→ **PROBLEM DESCRIPTION**
Could you restate word for word only the lines below from the one holding "DKNY Women Posh" to the one holding "Blue Belle Denim Neck Tie Dress", inclusive, and leave out the pictures?

→ **SUPPLIED DATA**
************

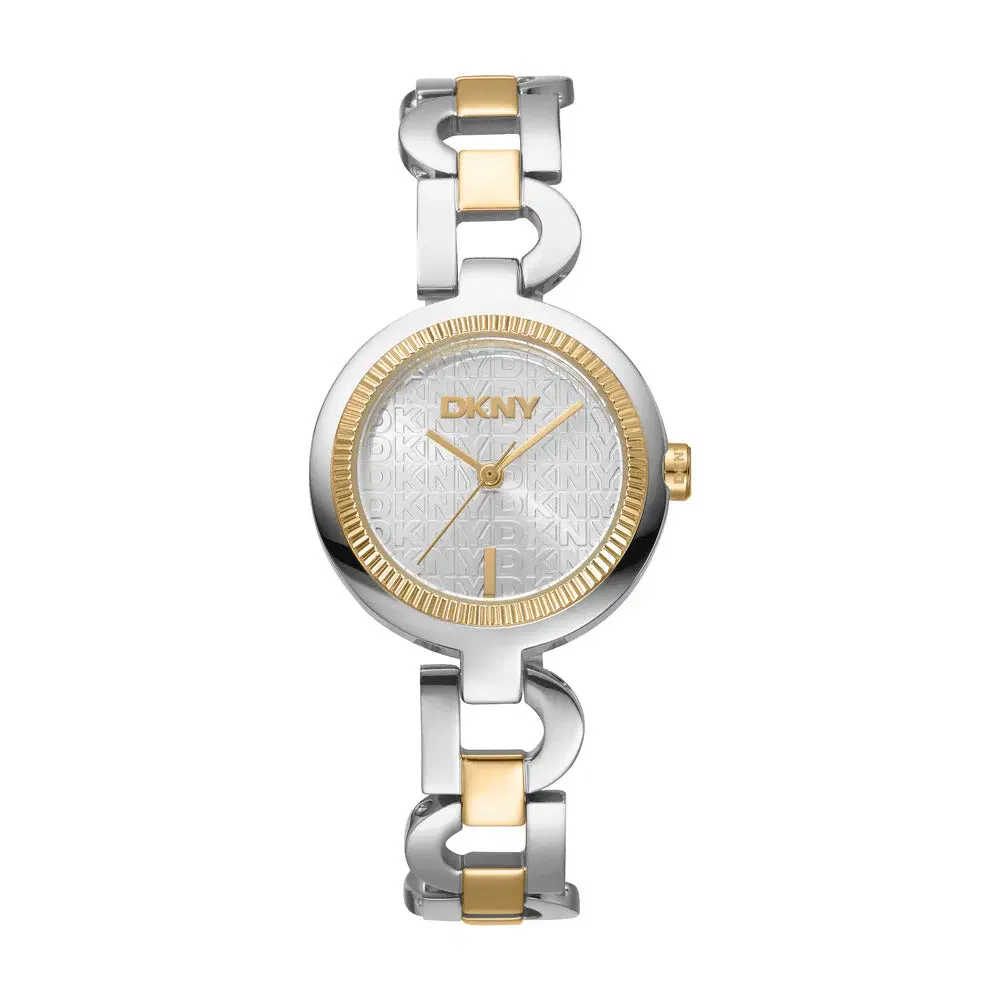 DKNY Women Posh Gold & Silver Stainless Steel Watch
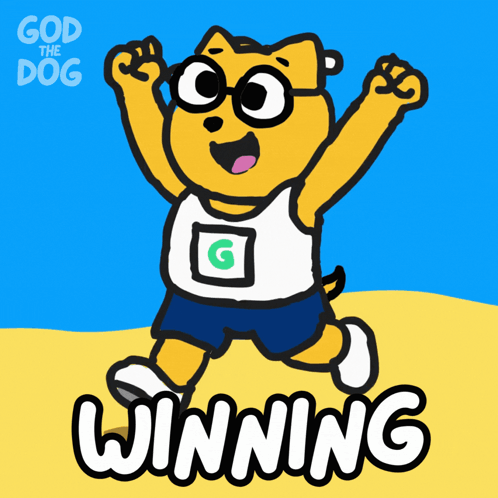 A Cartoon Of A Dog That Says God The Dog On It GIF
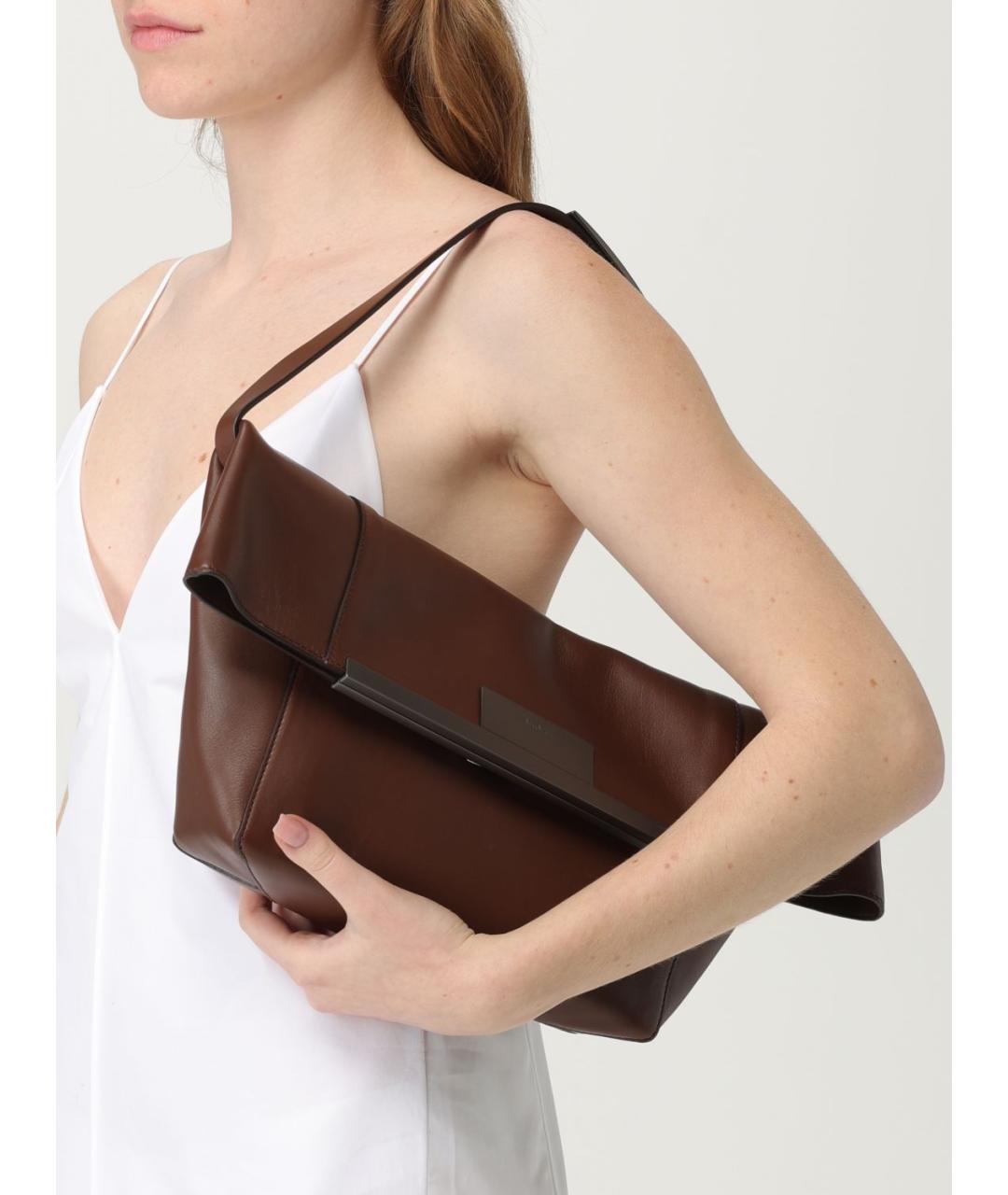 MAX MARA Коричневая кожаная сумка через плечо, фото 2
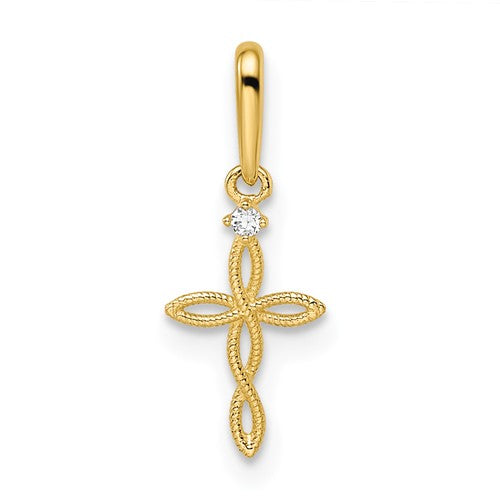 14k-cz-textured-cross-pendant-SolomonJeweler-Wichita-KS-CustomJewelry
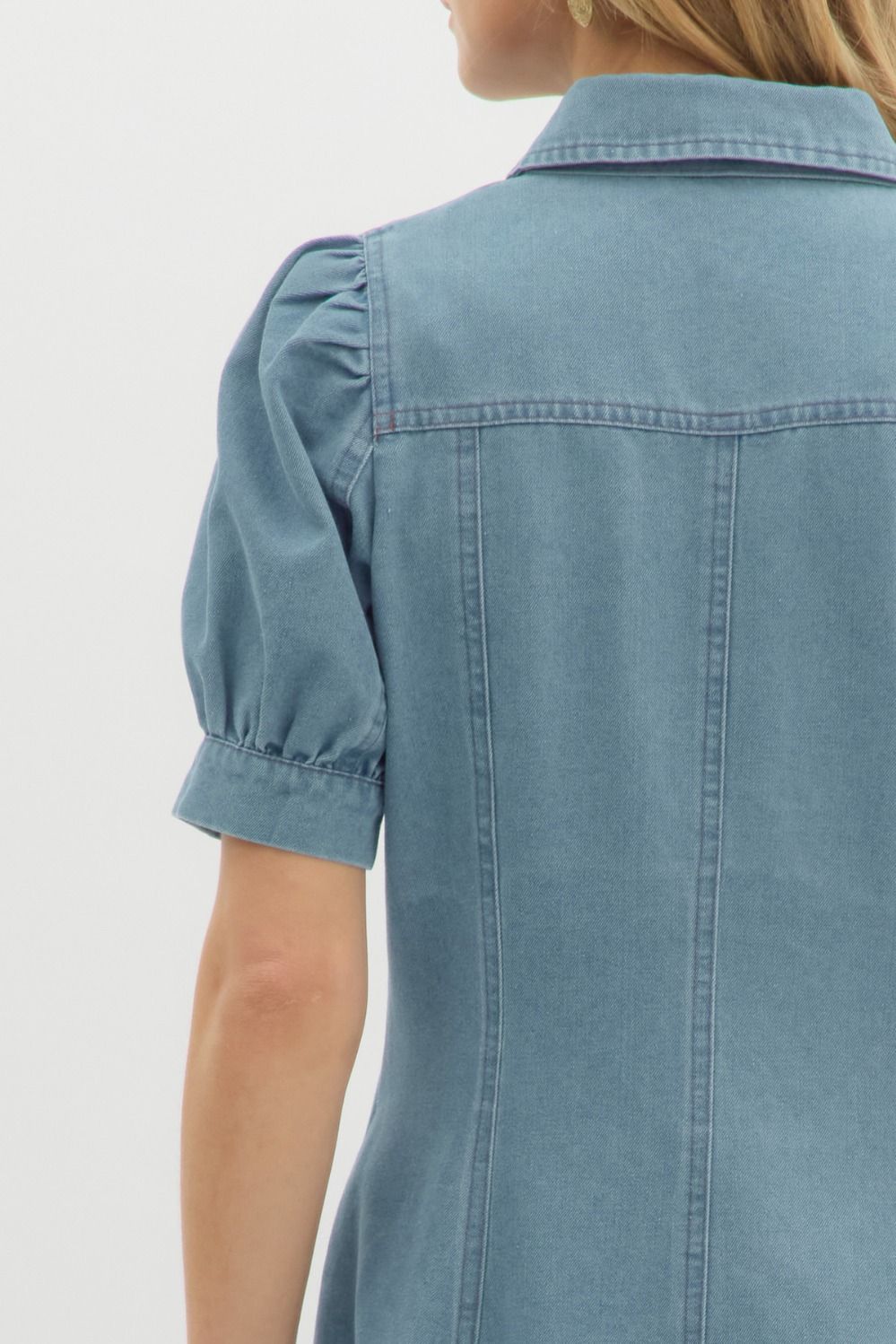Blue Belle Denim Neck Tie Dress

************

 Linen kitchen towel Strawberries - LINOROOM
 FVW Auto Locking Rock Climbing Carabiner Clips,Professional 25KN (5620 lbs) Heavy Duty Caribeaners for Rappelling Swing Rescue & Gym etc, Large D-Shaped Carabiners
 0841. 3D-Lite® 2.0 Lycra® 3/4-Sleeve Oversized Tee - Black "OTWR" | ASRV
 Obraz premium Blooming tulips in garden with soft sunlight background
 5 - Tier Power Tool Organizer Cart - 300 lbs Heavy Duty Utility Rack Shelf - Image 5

************

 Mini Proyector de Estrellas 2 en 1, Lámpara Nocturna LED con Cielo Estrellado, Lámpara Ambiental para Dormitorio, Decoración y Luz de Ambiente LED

************

→ **RESPONSE FOR THIS EXERCISE**
 DKNY Women Posh Gold & Silver Stainless Steel Watch
 A Cartoon Of A Dog That Says God The Dog On It GIF
 MAX MARA Коричневая кожаная сумка через плечо, фото 2
 14k-cz-textured-cross-pendant-SolomonJeweler-Wichita-KS-CustomJewelry
Blue Belle Denim Neck Tie Dress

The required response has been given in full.